Task item – Copy nothing but the lines from the one containing "You are my sunshine" through the last line of the records, repeated exactly and without pictures.

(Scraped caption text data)
↓
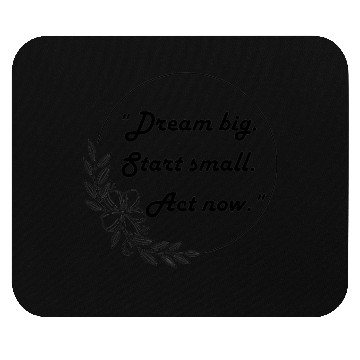 Discover "Dream big. Start small. Act now." Mouse Pads
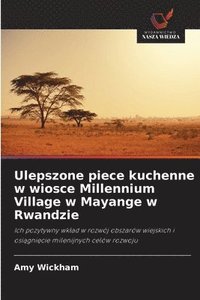 bokomslag Ulepszone piece kuchenne w wiosce Millennium Village w Mayange w Rwandzie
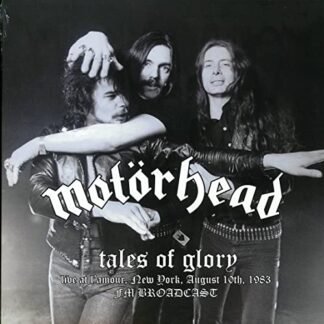 Motorhead - Tales Of Glory: Live At L'Amour, New York, August 10th, 1983 - Fm Broadcast [VINYL] [Disco de Vinil]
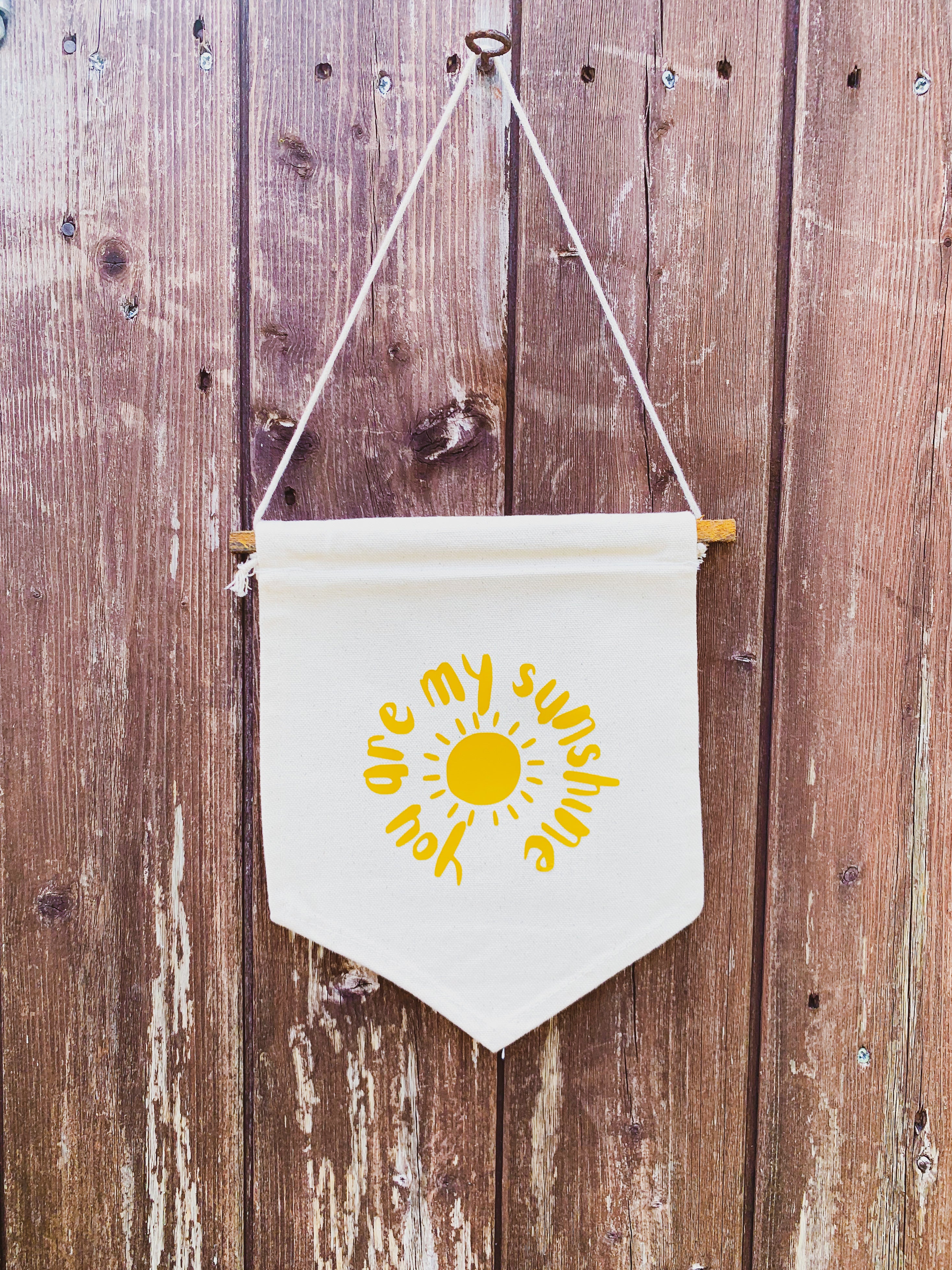 You are my sunshine canvas flag /banner /pendant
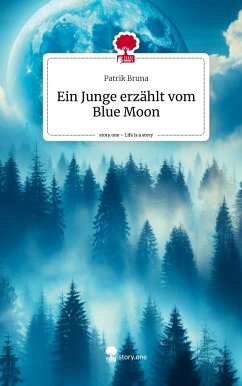 Ein Junge erzählt vom Blue Moon. Life is a Story - story.one - Bruna, Patrik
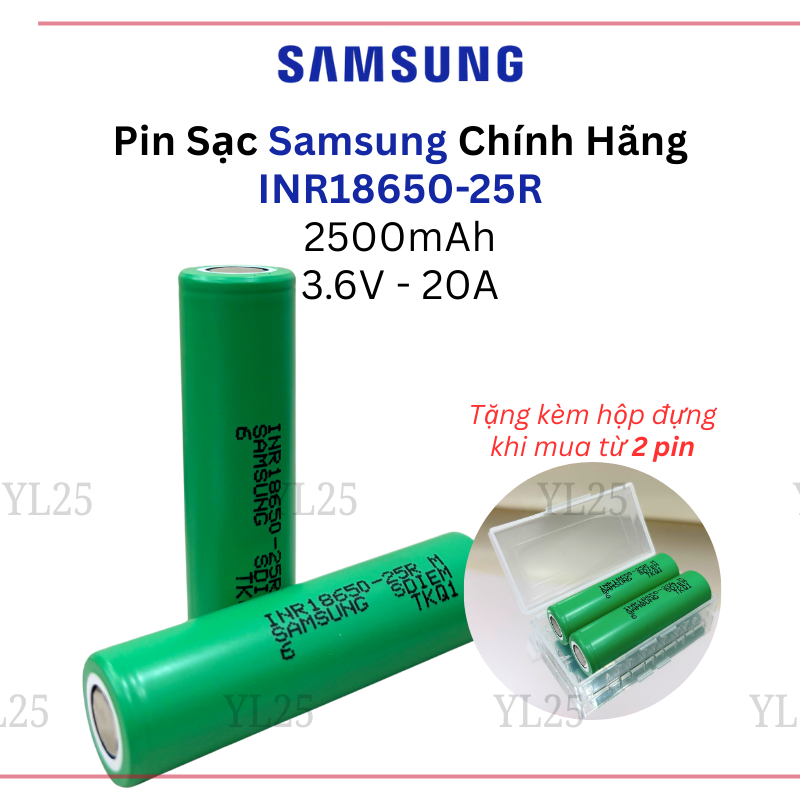 [Mới 100%] Pin Samsung 18650-25R 2500mAh 20A Chính Hãng Xả Cao 30A - Sản Xuất tại Hàn Quốc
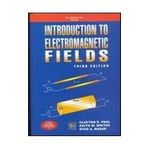 Introduction To Electromagnetic Fields [paperback] Clayton Paul & Keith W. Whites & Syde A. Nasar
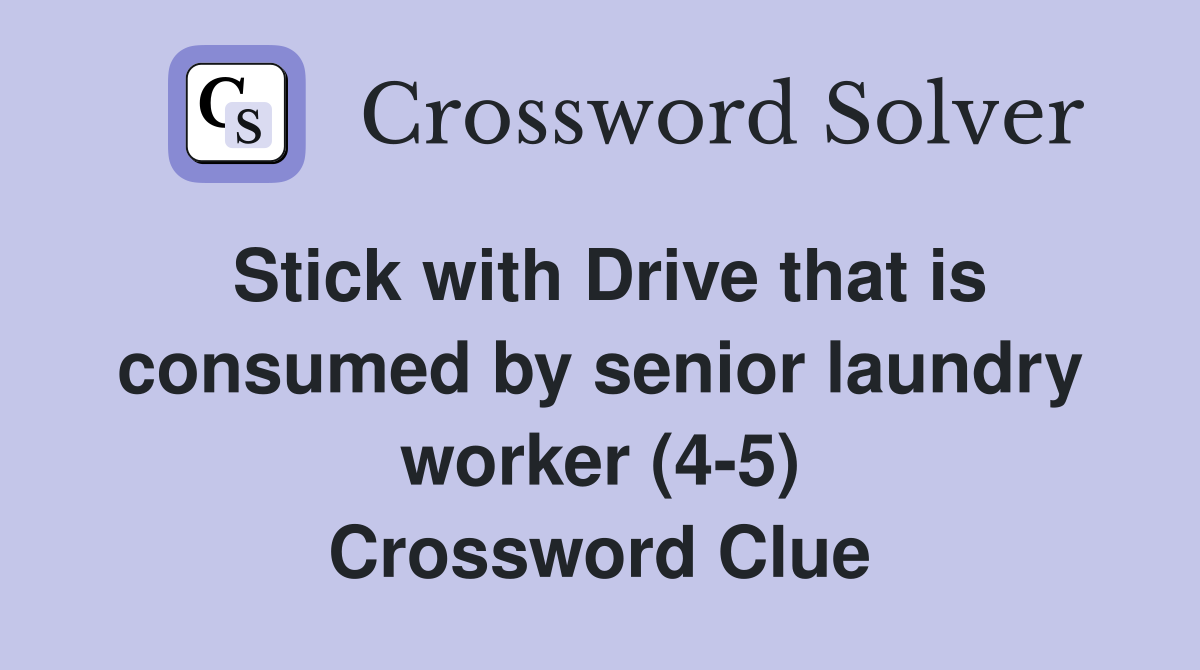 Stick with Drive that is consumed by senior laundry worker (4-5) Crossword Clue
↑
Your response –
 You are my sunshine canvas flag /banner /pendant
 Ein Junge erzählt vom Blue Moon. Life is a Story - story.one - Bruna, Patrik
 [Mới 100%] Pin Samsung 18650-25R 2500mAh 20A Chính Hãng Xả Cao 30A - Sản Xuất tại Hàn Quốc
 Introduction To Electromagnetic Fields [paperback] Clayton Paul & Keith W. Whites & Syde A. Nasar
 Stick with Drive that is consumed by senior laundry worker (4-5) Crossword Clue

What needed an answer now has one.